# Problem to work on
An exact reproduction of the data below is expected, free of images.

[Web page caption snippets]
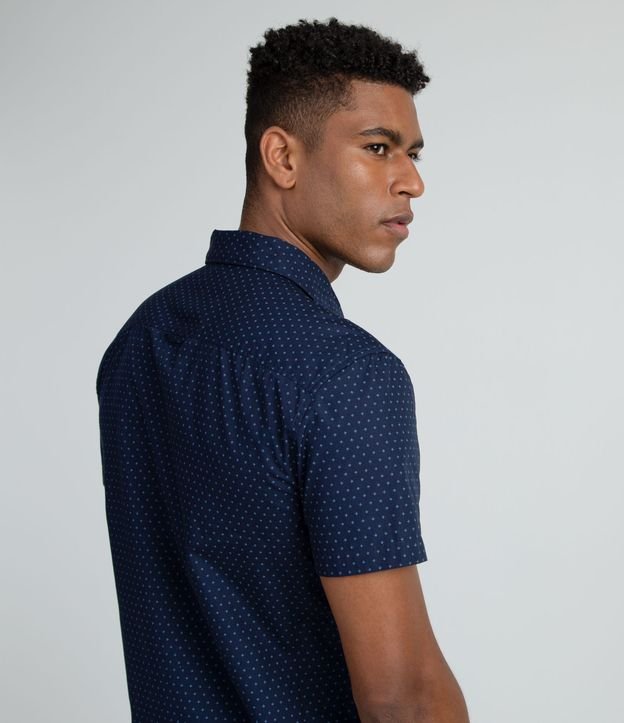 Camisa Manga Corta Estampado Mini Iconos Azul 4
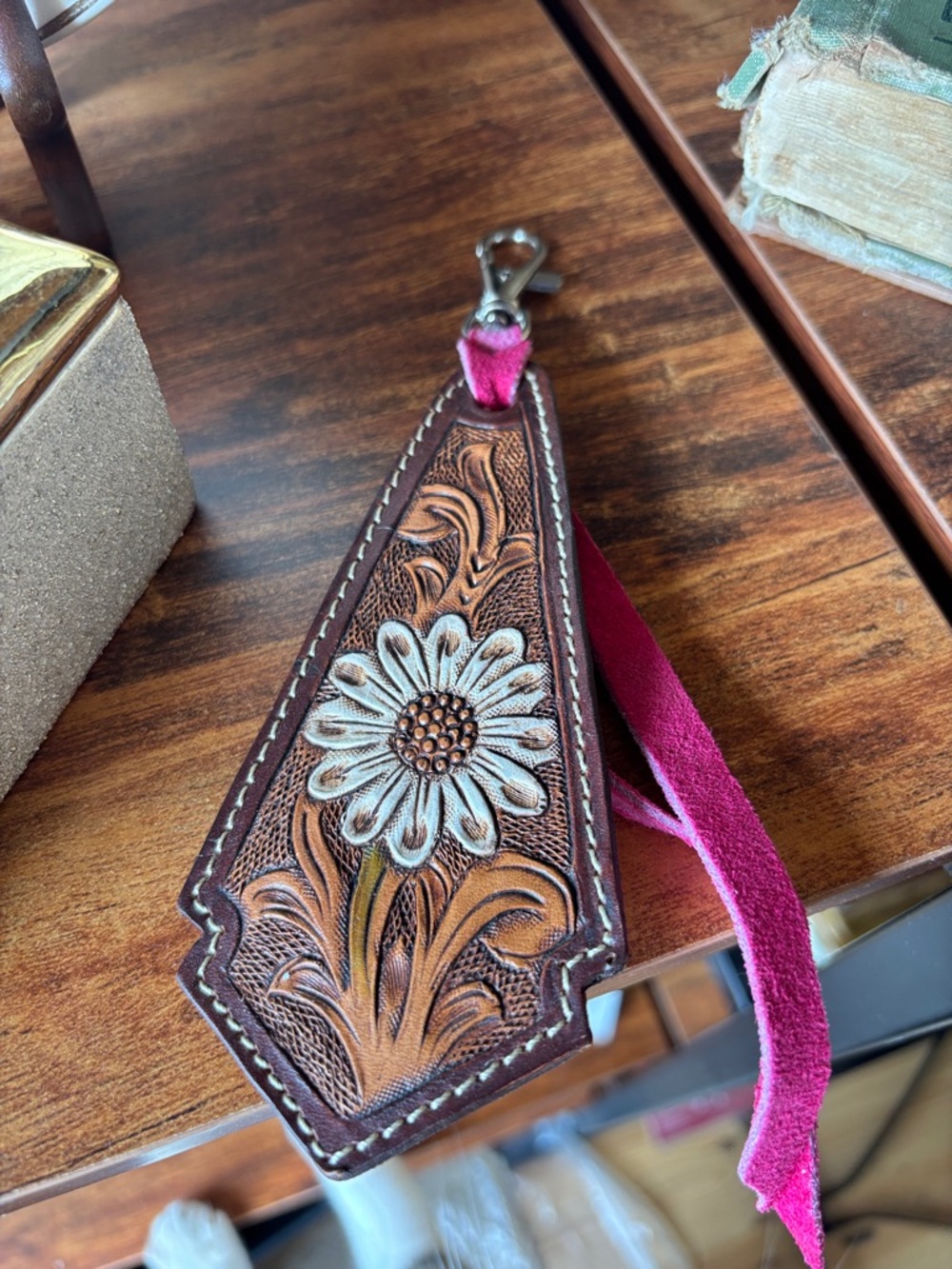 Hand-Tooled  Daisy Keychain with Pink Suede Strap
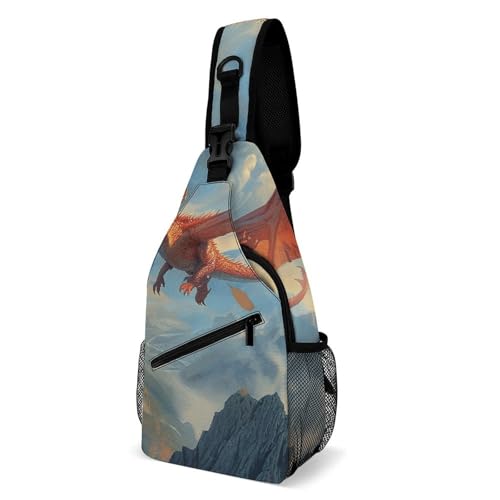 Leichte Umhängetasche, minimalistische Schultertasche, perfekt für Pendler und Freizeit, fliegender Dinosaurier von Generisch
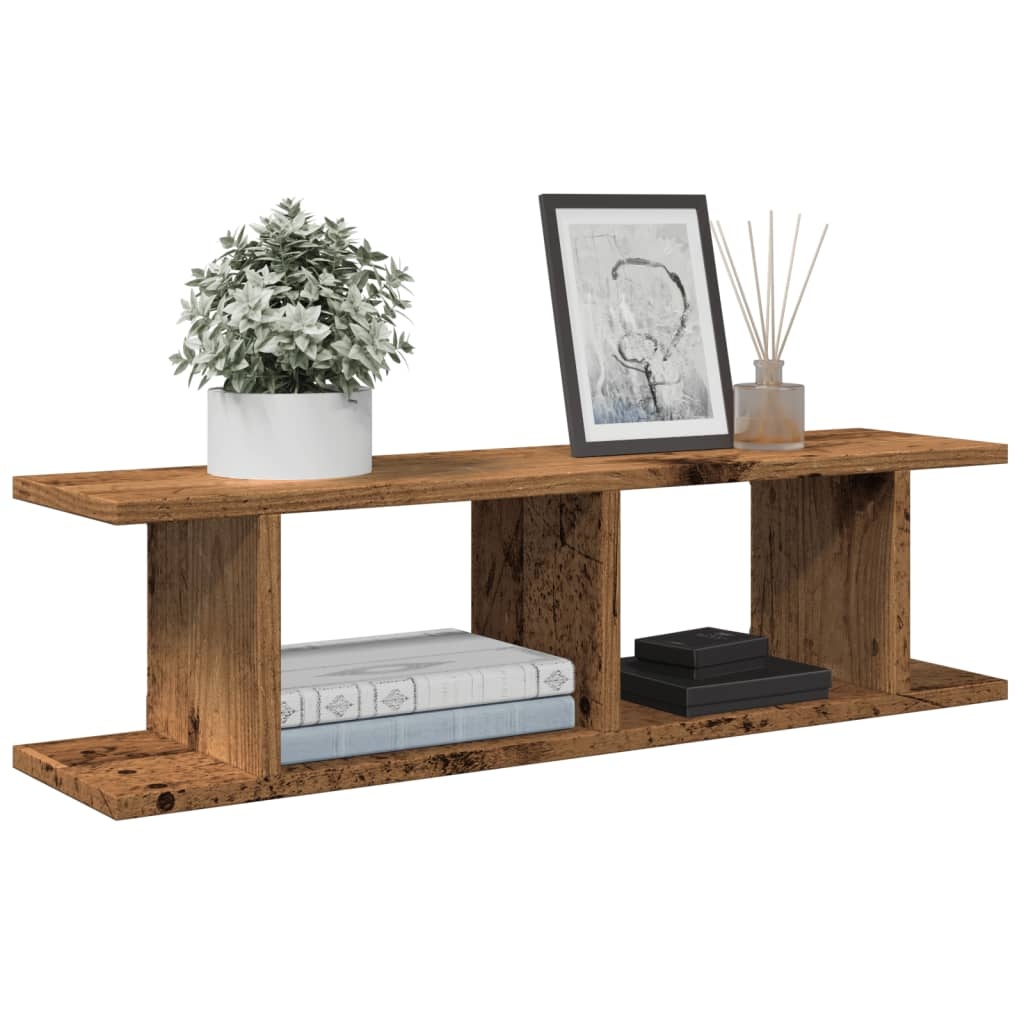 VidaXL Wandschappen 2 st 75x18x20 cm bewerkt hout oud houtkleurig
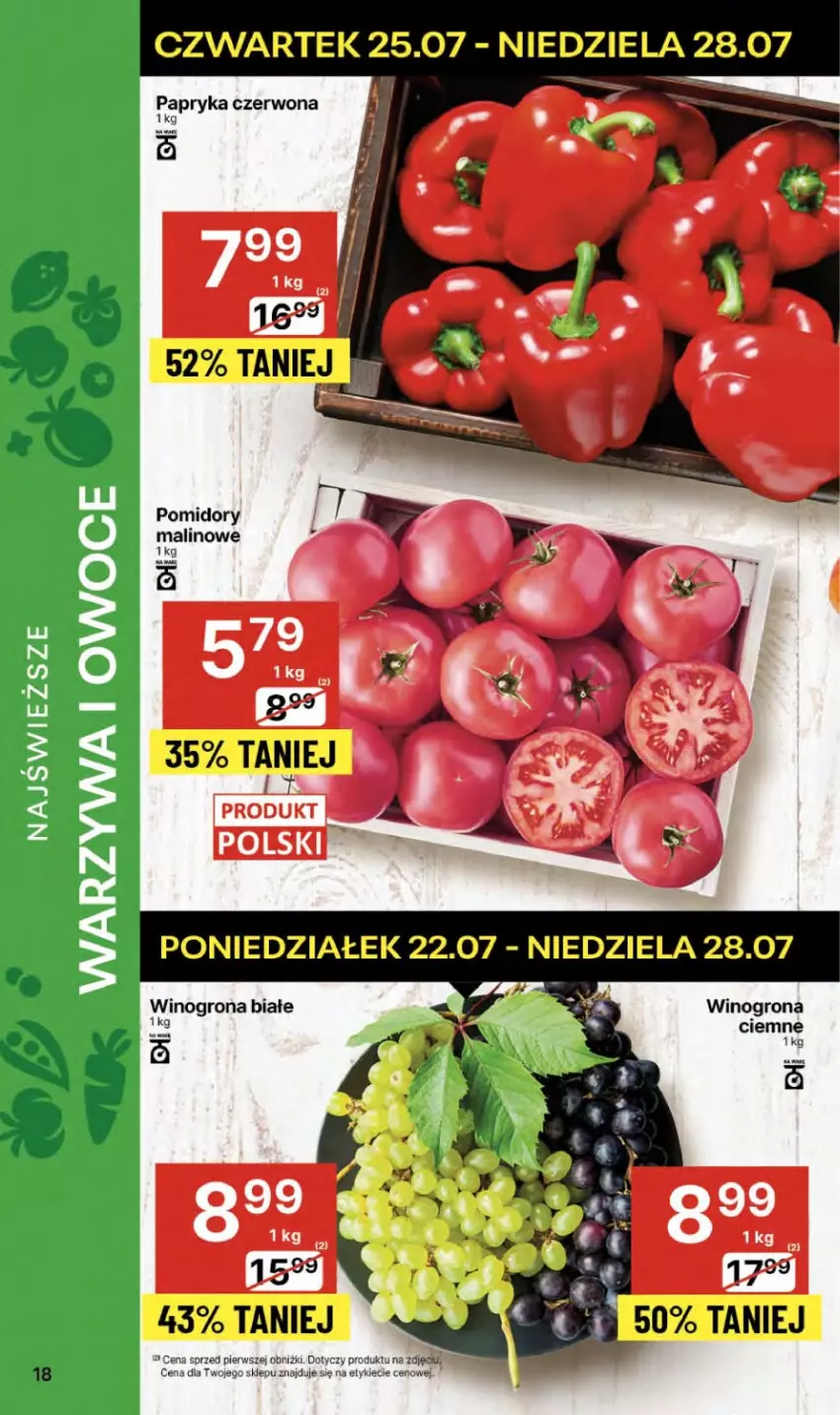 Gazetka promocyjna Delikatesy Centrum - NOWA GAZETKA Delikatesy Centrum od 25 lipca! 25-31.07.2024 - ważna 25.07 do 31.07.2024 - strona 18 - produkty: Owoce, Papryka, Papryka czerwona, Warzywa, Warzywa i owoce, Wino, Winogrona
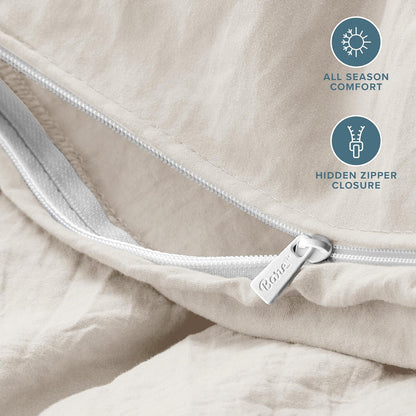 Microfiber Duvet Cover Set - Ultra Soft Washed Microfiber - Twin/Twin Extra Long - Linen-Like Look - Easy Care - Breathable Fabric - Our Softest Duvet Cover Set (Twin/Twin XL, Fog)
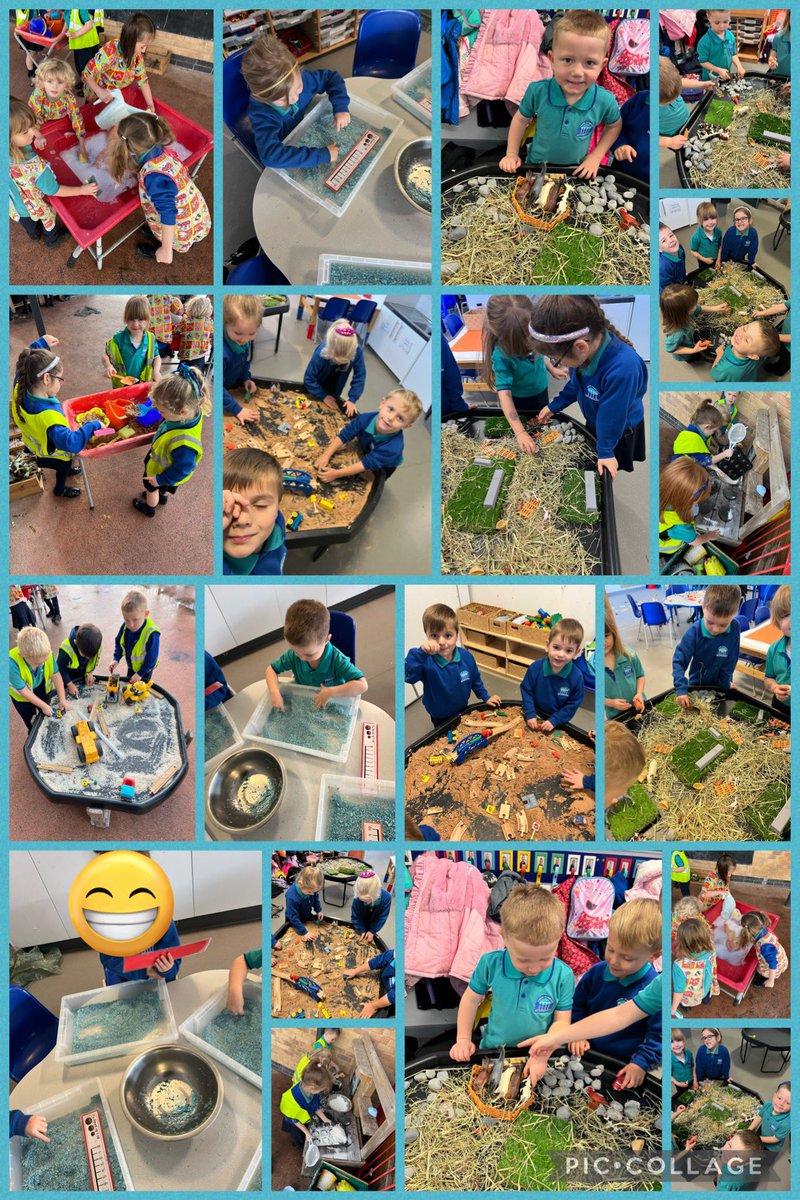 Mwynhau yn rhai o’n ardaloedd yr wythnos hon ~ Enjoying experimenting in our new learning areas this week.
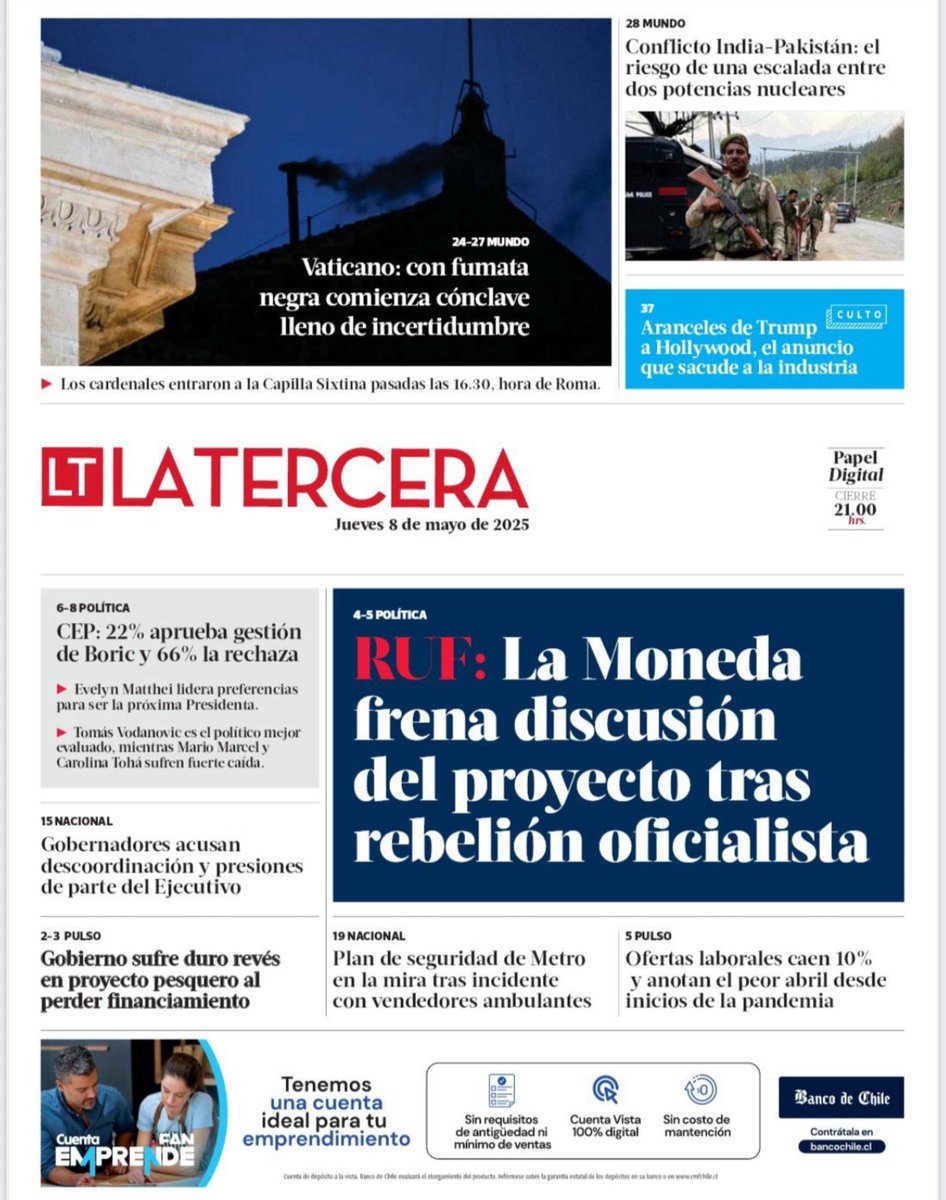 isidoraalcalde's tweet photo. Amazon elige a Chile para invertir US$4 mil millones e instalar aquí un megacentro para toda América Latina. Es una gran noticia, pensé que estaría en la portada de los diarios https://t.co/Npjs92YtIw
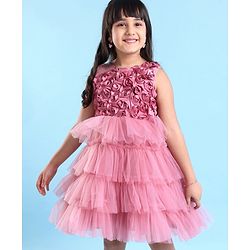Babyhug Sleeveless Layered Party Frock with Floral Corsage - Pink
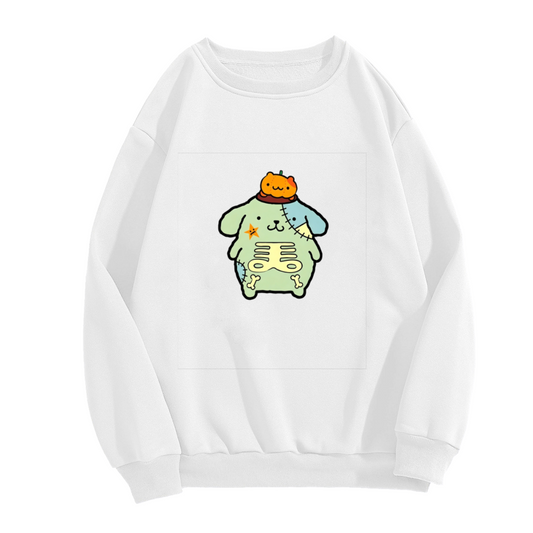 Spooky Cute Zombie Puppy Cartoon Crewneck Sweatshirt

# Problem solution
 Camisa Manga Corta Estampado Mini Iconos Azul 4
 Hand-Tooled  Daisy Keychain with Pink Suede Strap
 Leichte Umhängetasche, minimalistische Schultertasche, perfekt für Pendler und Freizeit, fliegender Dinosaurier von Generisch
 VidaXL Wandschappen 2 st 75x18x20 cm bewerkt hout oud houtkleurig
 Gazetka promocyjna Delikatesy Centrum - NOWA GAZETKA Delikatesy Centrum od 25 lipca! 25-31.07.2024 - ważna 25.07 do 31.07.2024 - strona 18 - produkty: Owoce, Papryka, Papryka czerwona, Warzywa, Warzywa i owoce, Wino, Winogrona
 Microfiber Duvet Cover Set - Ultra Soft Washed Microfiber - Twin/Twin Extra Long - Linen-Like Look - Easy Care - Breathable Fabric - Our Softest Duvet Cover Set (Twin/Twin XL, Fog)
 Mwynhau yn rhai o’n ardaloedd yr wythnos hon ~ Enjoying experimenting in our new learning areas this week.
 isidoraalcalde's tweet photo. Amazon elige a Chile para invertir US$4 mil millones e instalar aquí un megacentro para toda América Latina. Es una gran noticia, pensé que estaría en la portada de los diarios https://t.co/Npjs92YtIw
Babyhug Sleeveless Layered Party Frock with Floral Corsage - Pink
 Spooky Cute Zombie Puppy Cartoon Crewneck Sweatshirt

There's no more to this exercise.